Mona Lisa’s smile doesn’t change, but your mindset does
Her tricky smile and timeless allure have inspired academic study and artistic emulation for more than five centuries. The Mona Lisa-world’s most famous yet surely mystical painting has become France’s most valuable cultural heritage, but the story of Leonardo da Vinci‘s perplexing portrait is even richer than it looks.
Mona Lisa, also called Portrait of Lisa Gherardini, wife of Francesco del Giocondo, was painted sometime between 1503 and 1519, when Leonardo was living in Florence, and it now hangs in the Louvre Museum, Paris, where it remained an object of pilgrimage in the 21st century. The sitter’s mysterious smile and her unproven identity have made the painting a source of ongoing investigation and absolute fascination. The name Mona Lisa, or Monna Lisa, as the Italians prefer to spell it, roughly translates to “My Lady Lisa.” Leonardo da Vinci never completed the portrait though—when he died in 1519, it was one of many unfinished works left to his assistant.
The painting presents a woman in a half-body portrait, which is surrounded by a distant landscape. However, this description is too simply described, when it comes to Leonardo’s composition. The three-quarter view, in which the woman’s position is mostly turned toward the viewer, broke the standard profile pose used in Italian art and quickly became the new trend for all portraits, still used today in the 21st century. The subject’s softly sculptural face shows Leonardo’s skillful handling of sfumato which is the use of fine shading, and reveals his understanding of the musculature and the skull beneath the skin. The delicately painted veil, the finely drawn tresses, and the careful rendering of folded fabric demonstrate Leonardo’s deep observations and inexhaustible patience. Moreover, the sensuous curves of Mona Lisa’s hair and clothing are echoed in the shapes of the rivers and valleys behind her. The sense of overall harmony achieved in the painting—especially apparent in the Lisa’s faint smile—reflects Leonardo’s idea of the cosmic link, connecting nature and humanity, making this painting an enduring record of Leonardo’s vision. Her eyebrows are a matter of debate; some claim the subject’s lack of eyebrows is representative of high-class fashion of the time, others say her not present eyebrows, are proof, that Mona Lisa is an unfinished masterpiece.

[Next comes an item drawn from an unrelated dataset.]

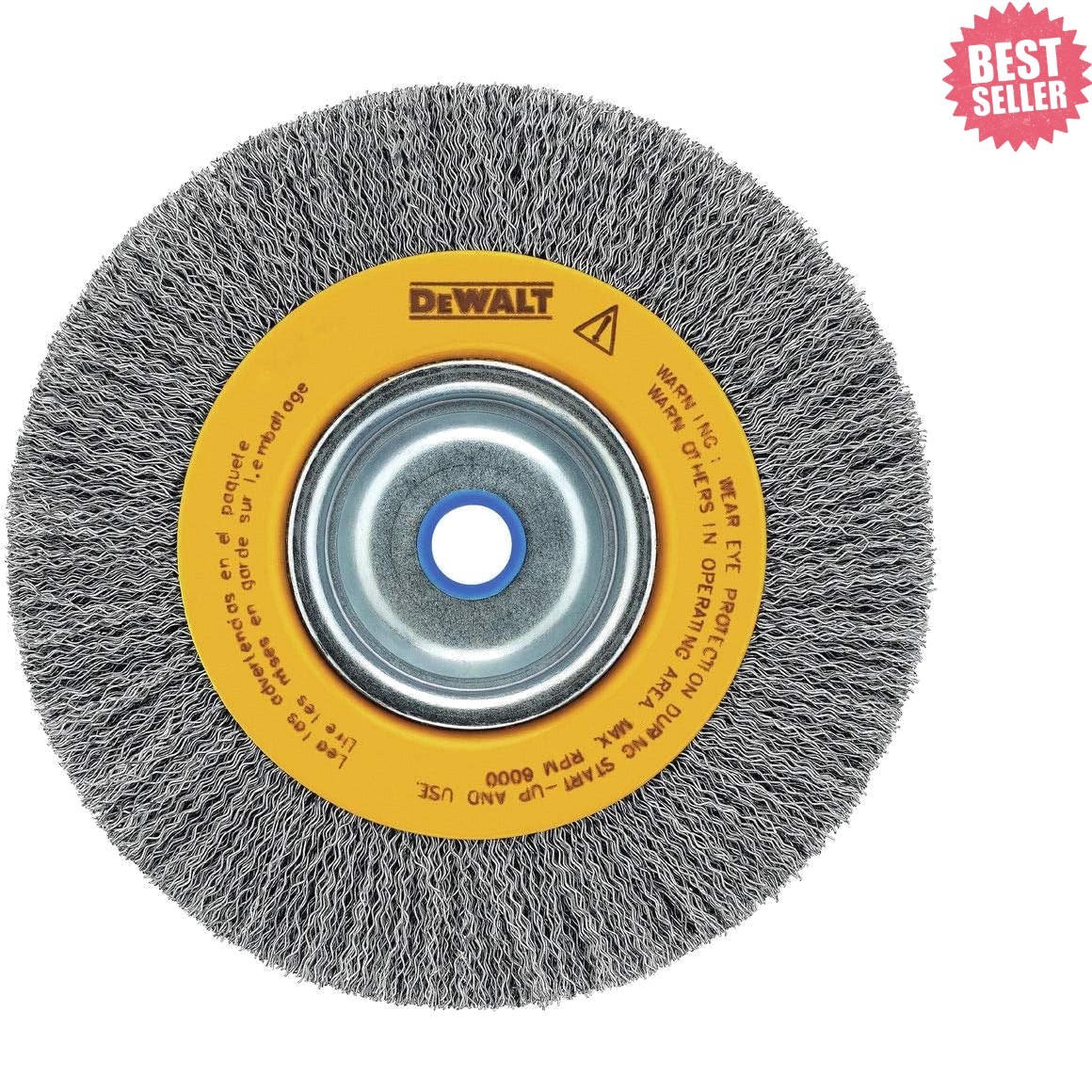 DEWALT 6 Inch Crimped Wire Wheel For Bench Grinder Quality – DW4905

The portrait has passed a long journey since its creation in the 16th century. French King Francis I acquired the artist’s work after his death and it became part of his royal collection. For centuries the portrait was secluded in French palaces, until insurgents claimed the royal collection as the property of the people during the French Revolution. Napoleon, had Mona Lisa hanging in his bedroom in the Tuileries Palace for about four years, beginning in 1800. It’s said his fascination with the painting inspired his affection for a pretty Italian named Teresa Guadagni, who was actually a descendant of Lisa Gherardini. The painting was then installed in its current home – the Louvre Museum, at the turn of the 19th century. It was first placed into display in 1815, inspiring a series of mystical events and breaking a lot of hearts. Mona Lisa made men do strange things, there were more than one million artworks in the Louvre collection; she alone received her own mail, with daily love letters. In 1852, an artist named Luc Maspero supposedly threw himself from the fourth floor of a Parisian hotel, leaving a suicide note that read: “For years I have grappled desperately with her smile. I prefer to die.” In 1910, a crazy lover came before her solely to shoot himself as he looked upon her, and for a long time her fans were so ardent that she was placed under police protection.

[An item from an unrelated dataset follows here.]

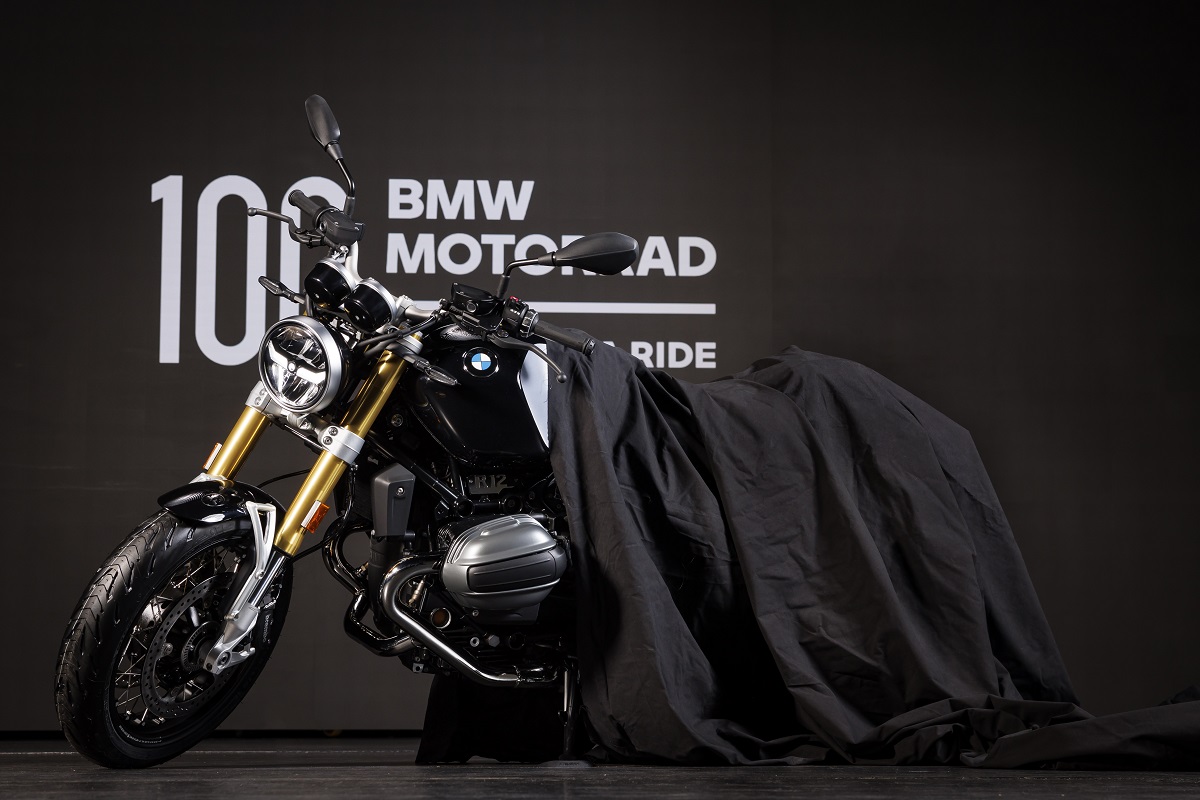 El lanzamiento de la BMW R 12 nineT coincide con los 100 años de la marca.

On August 21, 1911, the Mona Lisa was stolen from the Louvre. Thousands of people stormed into the museum to stare in shock at the blank wall where she once hung and leave flowers, notes, and other remembrances. Because he’d been caught buying stolen Louvre pieces before, Pablo Picasso was brought in for questioning. But the true thief would not be caught until 1913.

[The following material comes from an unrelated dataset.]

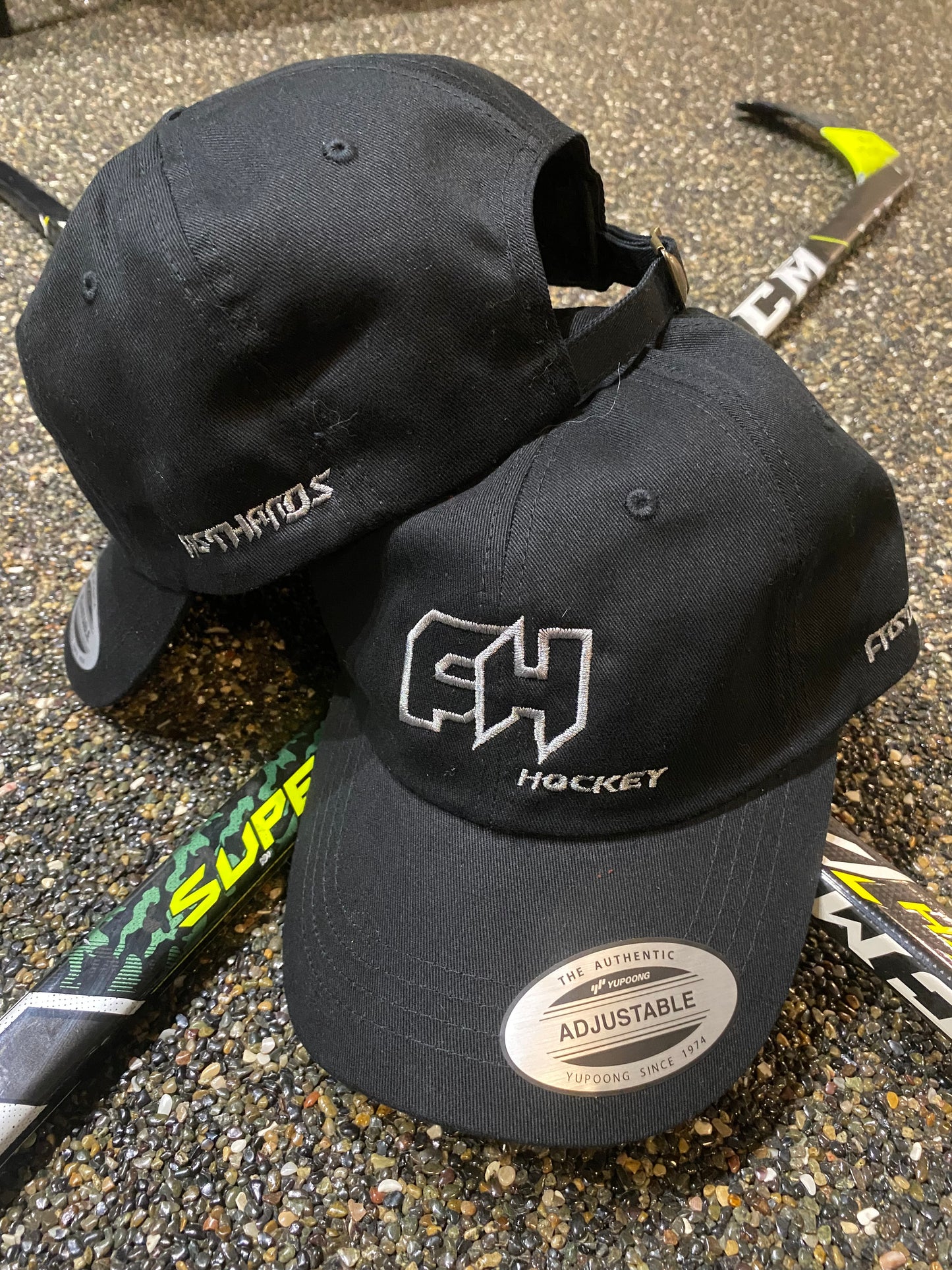 FHHockey "Dad" Hat Black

Louvre employee Vincenzo Peruggia was a proud Italian nationalist who smuggled the painting out under his smock because he felt it belonged to his and da Vinci’s homeland, not France. After hiding it for two years, Peruggia was busted trying to sell Mona Lisa to a Florence art dealer.
Although the oil-on-wood panel painting measures just 77 by 53 cm, Mona Lisa’s influence on French and world-wide art culture is massive, her value being absolutely priceless.